In this case, the evidence shows that Wendt’s services are generally provided as a continuous, integrated process of transporting its customers’ oversized equipment on the highways.  Wendt’s process is integrated because each phase of Wendt’s business is interrelated and dependent upon the others.  For instance, without disassembling the machinery, it would be too large for road transport; without escorts accompanying the oversized loads along the highway, the equipment could not lawfully travel the roads; without using ties to secure the equipment to the trucks, efficient transportation could not be accomplished.  Moreover, an argument that others could not qualify for exemption by providing one  of Wendt’s component services on a stand-alone basis does not persuade the Court to disqualify individual elements of an integrated public transportation process from eligibility for exemption.

Predominant Use

Having decided what property Wendt uses for exempt and non-exempt purposes, the Court  now  considers  whether Wendt has shown that it  predominately  used  the tangible personal property at issue in providing public transportation.   The Court has acknowledged that there are many ways to show that items are predominantly used in an exempt manner. See Indiana Waste Systems Ind., Inc. v. Indiana Dep’t of State Revenue, 644 N.E.2d 960, 961-62 (Ind. Tax Ct. 1994).  For example, predominate use may be shown by providing credible testimony,  providing the ratio of income derived from the property’s exempt use to the income derived from its non-exempt use, providing the ratio of the time spent using the property in an exempt manner to the time it is used in a non-exempt manner,  or providing a similar ratio calculation based on volume.  See id.; Calcar Quarries, 394 N.E.2d at 941. 

Here, the evidence at trial established how Wendt used its property with respect to its public transportation process and optional services.  (See, e.g., Resp’t Des’g Evid. Vol. 2, Ex.  20 at 10-89; Ex. 24  at  5-6, 10-12.)   Furthermore, the  uncontroverted testimony of Mr. Jere Wendt, one of Wendt’s founding partners, established that, during  the years at issue, 70 percent of  the jobs Wendt performed involved the provision of public transportation.   (See Trial Tr. at 39-40,  61-73.)    The Court not only  finds Mr. Wendt’s testimony to be credible, but also finds that his testimony is corroborated by the
Department’s audit findings.  The auditor’s block sample shows that nearly 70 percent of Wendt’s jobs involved the exclusive provision of public transportation.  Accordingly, the evidence before the Court leads to only one reasonable conclusion:  between the 2001 and 2004 tax years, Wendt predominately used its property in providing public transportation, and the Department erred in concluding otherwise.

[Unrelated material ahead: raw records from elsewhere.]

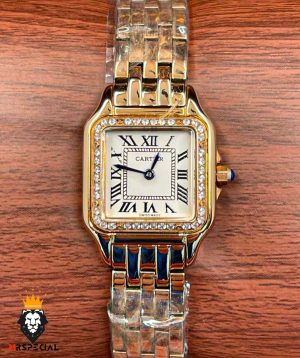 ساعت مچی زنانه کارتیر پنتر رزگلد قاب نگین CARTIER PANTHRE 2531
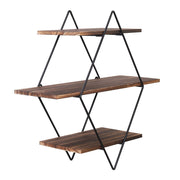 3-Tier Rustic Floating Wall Shelves Wood Display Books V178-66786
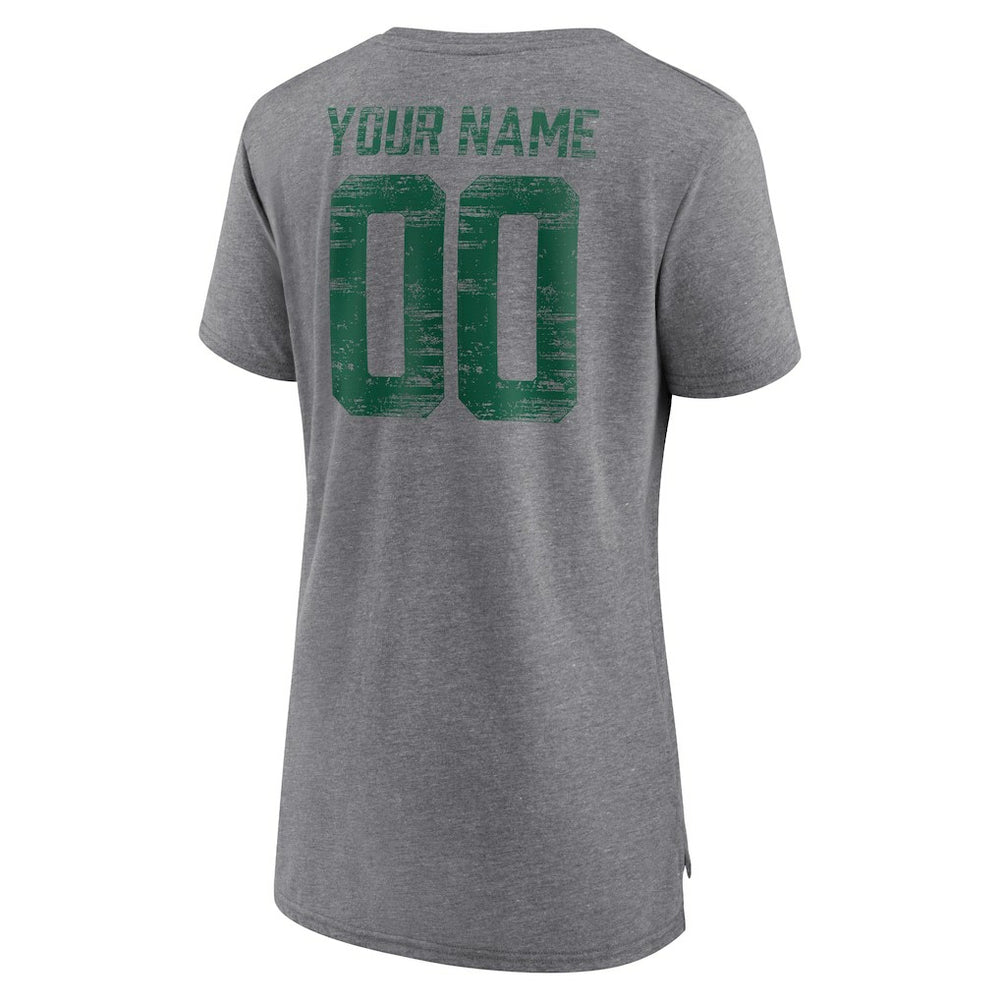 New York Jets Women's Heritage Custom Name & Number Tri-Blend T-Shirt - Gray outlet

For the above-stated reasons, the Court AFFIRMS the Department’s determination that items predominately used for estimate preparations, machinery reassembly, and lawn care were  not  entitled to  the public transportation.  All of the Department’s  remaining  determinations, however,  are  REVERSED.   Accordingly, the Court REMANDS the matter to the Department and ORDERS it to make the necessary
determinations in accordance with this opinion.